WHAT THIS TASK INVOLVES » In the records below, find the line containing "1236 NW 43rd Street Deerfield Beach FL 33064" and repeat it and every line after it exactly, without pictures.

RECORD SET »
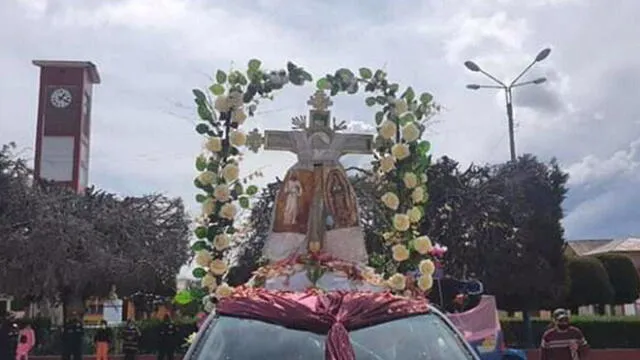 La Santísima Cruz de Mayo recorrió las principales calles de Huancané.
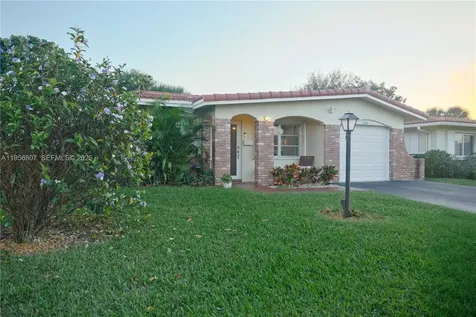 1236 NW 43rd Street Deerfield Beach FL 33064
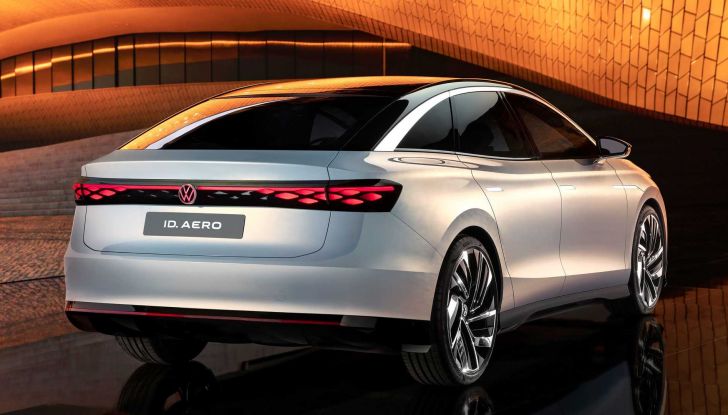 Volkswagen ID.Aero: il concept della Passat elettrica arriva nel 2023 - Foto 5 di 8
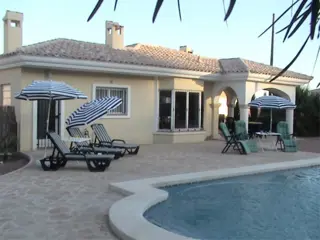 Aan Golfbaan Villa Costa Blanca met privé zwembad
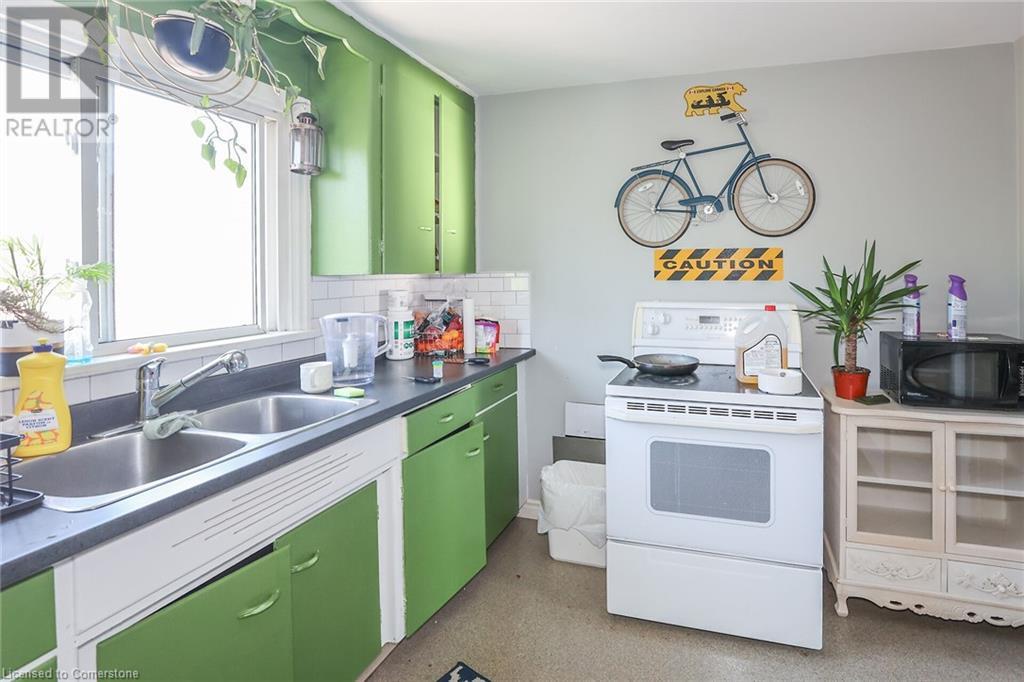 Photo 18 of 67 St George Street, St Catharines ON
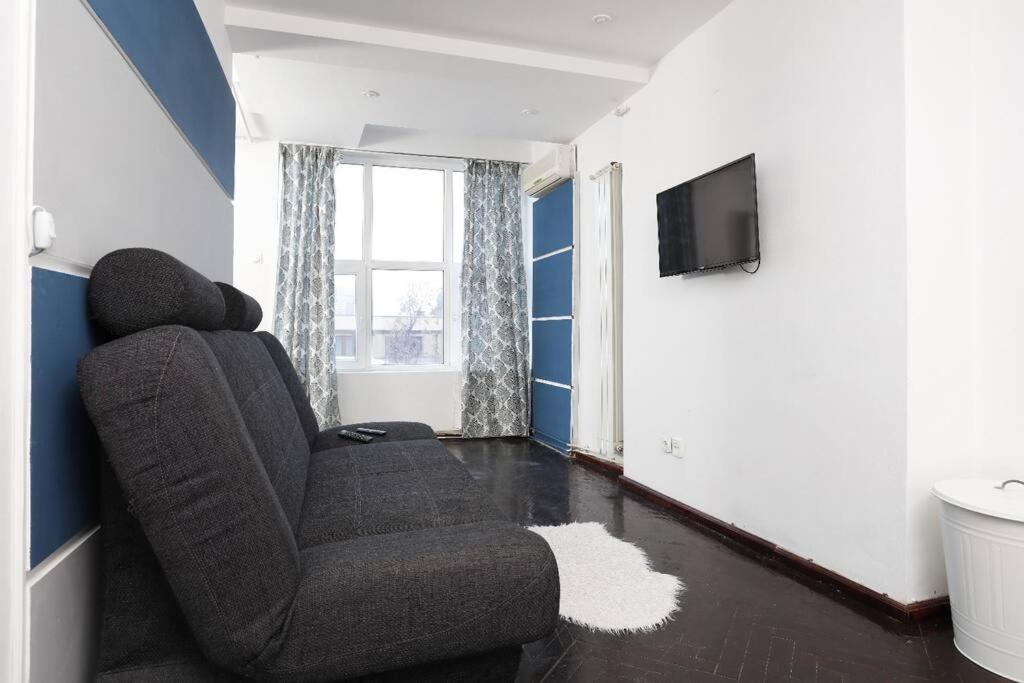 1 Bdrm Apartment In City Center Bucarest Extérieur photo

YOUR RESPONSE »
 1236 NW 43rd Street Deerfield Beach FL 33064
 Volkswagen ID.Aero: il concept della Passat elettrica arriva nel 2023 - Foto 5 di 8
 Aan Golfbaan Villa Costa Blanca met privé zwembad
 Photo 18 of 67 St George Street, St Catharines ON
 1 Bdrm Apartment In City Center Bucarest Extérieur photo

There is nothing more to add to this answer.